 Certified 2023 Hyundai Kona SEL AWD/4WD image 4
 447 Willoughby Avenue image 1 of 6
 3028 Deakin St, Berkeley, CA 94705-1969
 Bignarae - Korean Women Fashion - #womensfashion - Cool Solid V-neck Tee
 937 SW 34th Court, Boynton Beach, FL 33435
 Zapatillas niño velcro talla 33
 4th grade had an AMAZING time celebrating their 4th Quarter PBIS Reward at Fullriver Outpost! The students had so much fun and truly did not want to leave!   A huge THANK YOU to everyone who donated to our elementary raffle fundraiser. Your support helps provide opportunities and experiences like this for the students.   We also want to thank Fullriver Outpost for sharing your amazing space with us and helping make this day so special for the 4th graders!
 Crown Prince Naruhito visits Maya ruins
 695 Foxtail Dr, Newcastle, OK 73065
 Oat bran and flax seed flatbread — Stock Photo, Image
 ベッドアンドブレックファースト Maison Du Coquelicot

........

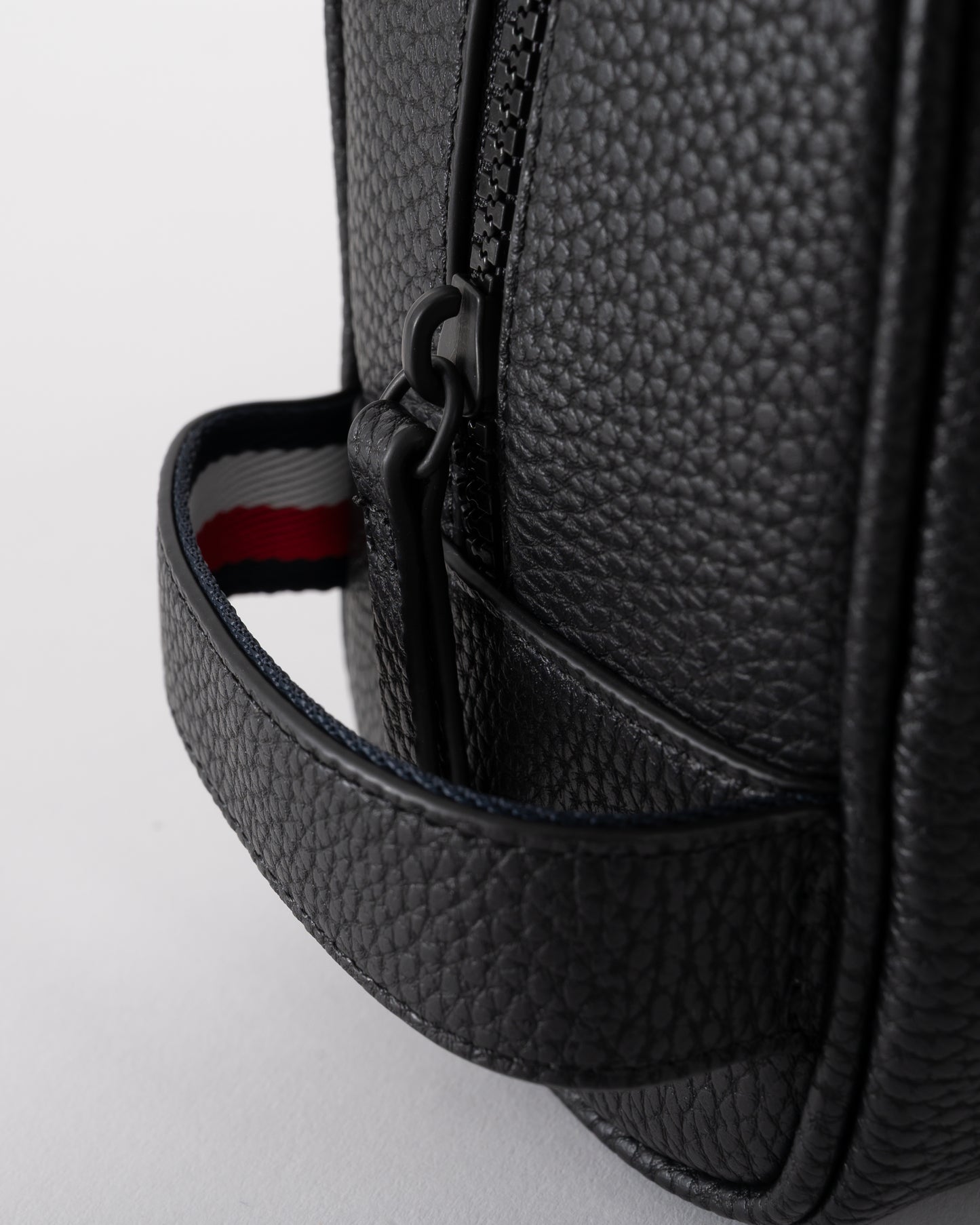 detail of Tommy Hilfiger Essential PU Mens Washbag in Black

........

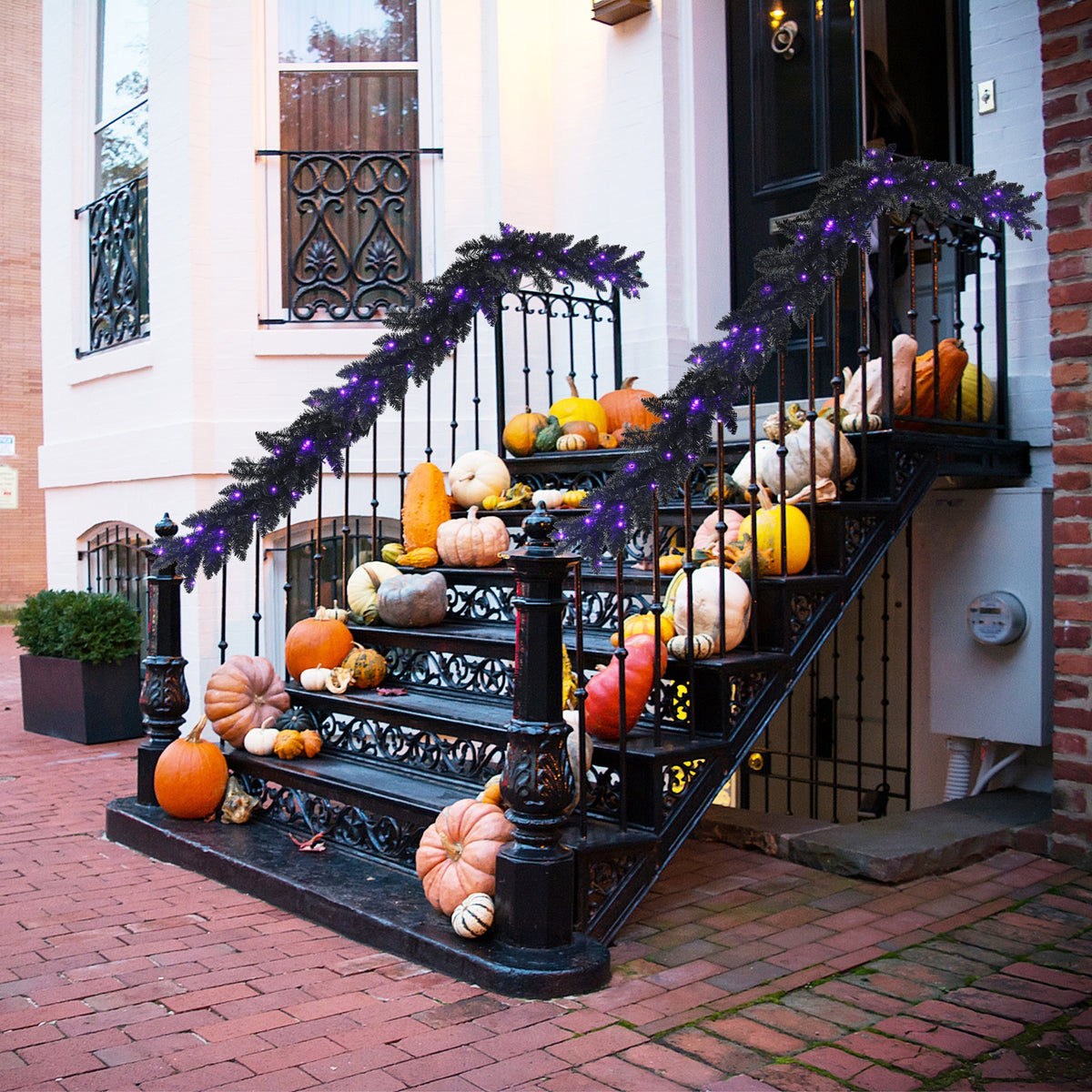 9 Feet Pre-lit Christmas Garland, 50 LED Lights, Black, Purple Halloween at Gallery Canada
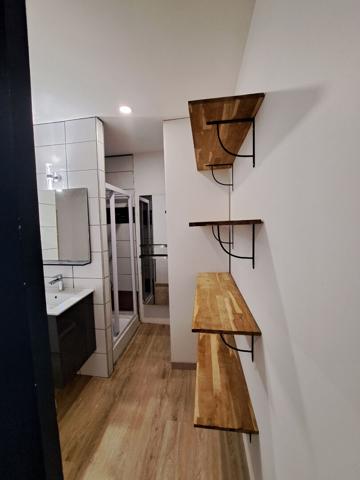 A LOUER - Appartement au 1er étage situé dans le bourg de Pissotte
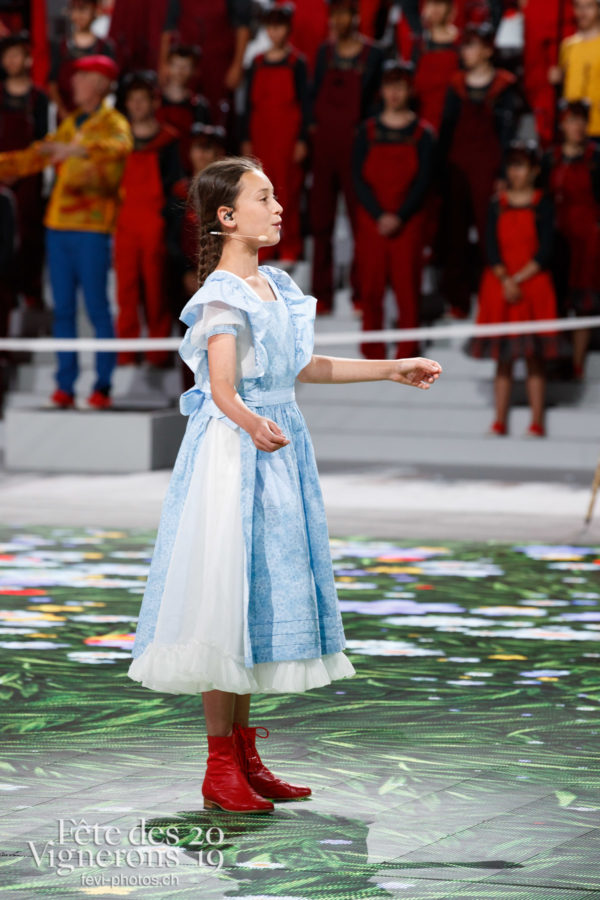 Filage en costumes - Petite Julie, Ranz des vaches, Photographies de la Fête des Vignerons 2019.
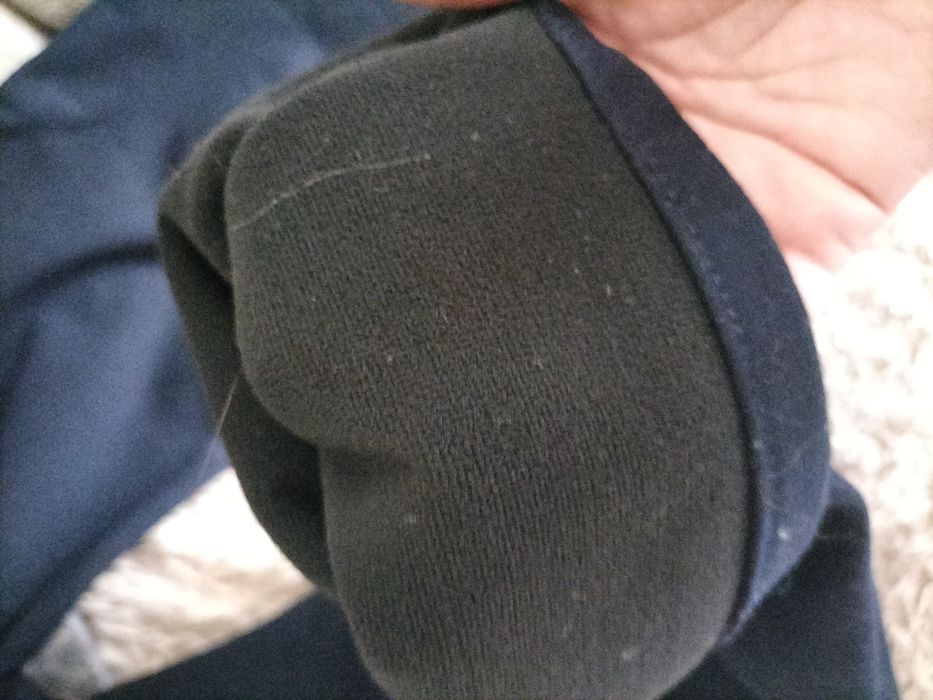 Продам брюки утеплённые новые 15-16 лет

........

ABOUT THIS EXERCISE
Repeat exactly the lines above, from the line that contains "A LOUER - Appartement" down through the line that contains "Продам брюки утеплённые новые 15-16 лет". Include both of those lines and none of the pictures.

TASK RESPONSE
 A LOUER - Appartement au 1er étage situé dans le bourg de Pissotte
 Filage en costumes - Petite Julie, Ranz des vaches, Photographies de la Fête des Vignerons 2019.
 Продам брюки утеплённые новые 15-16 лет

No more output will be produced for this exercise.